"GPS, pull up Area Six-fifteen, Section C, Casper's Pass." The windshield immediately became a crosssection of lines and map points as he backed the Raider into the turning area and pulled out.

"There's the canyon. Lance and I always called it Casper's Pass, though officially it has no name. We named it that for the sound the winds make at certain times of the day, like ghostly laughter weaving through the canyon.

"Here." She pointed to a section of marked range, hilly, appearing impassable if one used the GPS

appearance.

"There's a rarely used road that weaves through this range. It's pretty much hidden, even from the air, so satellite would have a hard time finding it. If we disconnect GPS and the locator beacon on the Raider, we could slip through here. It would bring us above the canyon and allow us to survey it from a point where damned near all the canyon is in full view, It could give us an advantage that the other routes won't."

Braden glanced at the screen, his brow furrowing as he stared at the direction she laid out by touching the points on the screen. As she had said, it was hidden, so well that even the Breed satellites had been

unable to detect it.

"The Raider can traverse it?" The range looked remarkably rough.

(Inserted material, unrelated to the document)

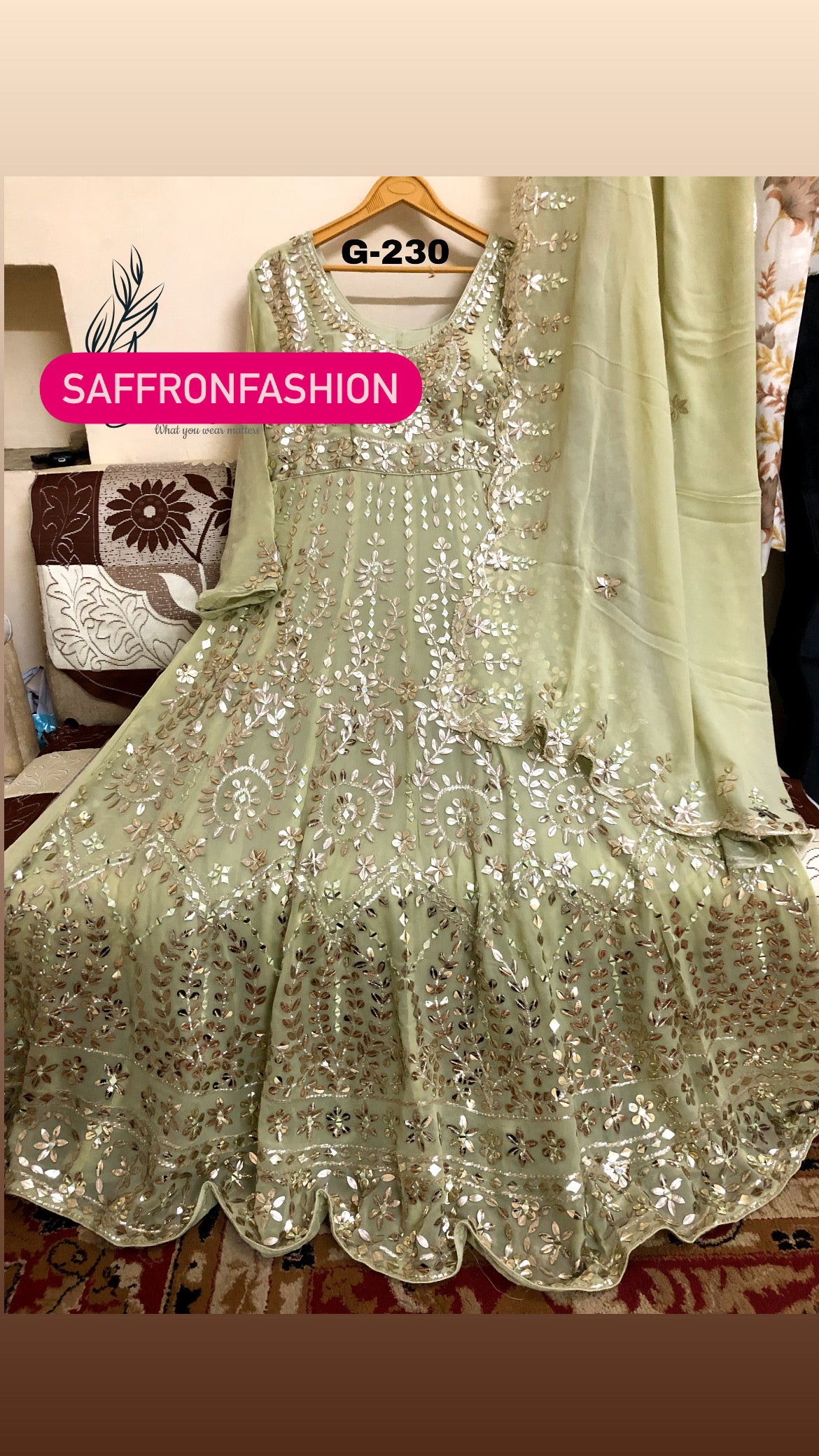 Bridal weddding dress Anarkali style dress Pakistani dresses - Saffronfashionindia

"Lance and I went fishing up there last summer with Grandfather." She minted to the blue area indicated more than a mile from the observation point she suggested. "We took the range road with his Raider. It was rough, but definitely passable, and the area is also greener than the valley below, which cuts down on the dust trail. Without beacon, locators or dust points, the satellite imagery—if the Council is using it—can't pick us up here. They won't be expecting us if they're there."

Excitement. He could feel it building in her, along with fear. And arousal. He inhaled slowly, restraining the lust building within him.

"Stop sniffing." He almost grinned at the disgruntled tone of her voice.

"Leaving the house was your idea, not mine. I was perfectly happy bouncing in bed."

"You have a way of describing things that astounds me, Megan," he drawled. "Next time, we'll try the kitchen table and see what you come up with for that one."

"Ewww, I eat there," she retorted in mock distaste.

He glanced at her, allowing a smile to tilt his lips.

"I'll just make a meal out of you,'' he told her, not bothering to hide the hunger in his voice.

She flushed. He loved watching the color move beneath her skin, the way her eyes darkened and her breathing roughened.

"Pervert," she accused him, though her voice lacked heat. "I'll wait until we get closer to the area before I disable the GPS and locator beacon. Otherwise, anyone at the office can track us. I'll never believe Lance would betray me, but there are several people there I wouldn't trust as far as I can throw them."

There were several people he knew would sell her out in a second. Jonas had pulled profiles on each and every deputy on the force, as well as the sheriff. Their records weren't nearly as clean as the state investigators had listed them.

"I anticipated that." He nodded, pointing to a small area several miles from their present location. "I'll pull over here and disable. While I'm at it, I'll contact the team watching the house and see if they were able to take out the Coyotes there. We hadn't pinpointed their exact location yesterday, but I'm hoping that when we drive off, they'll begin moving. My team will be able to locate them if they do."

Silence filled the vehicle then. Braden was aware of Megan breathing in roughly before disengaging the GPS map and settling back in her seat.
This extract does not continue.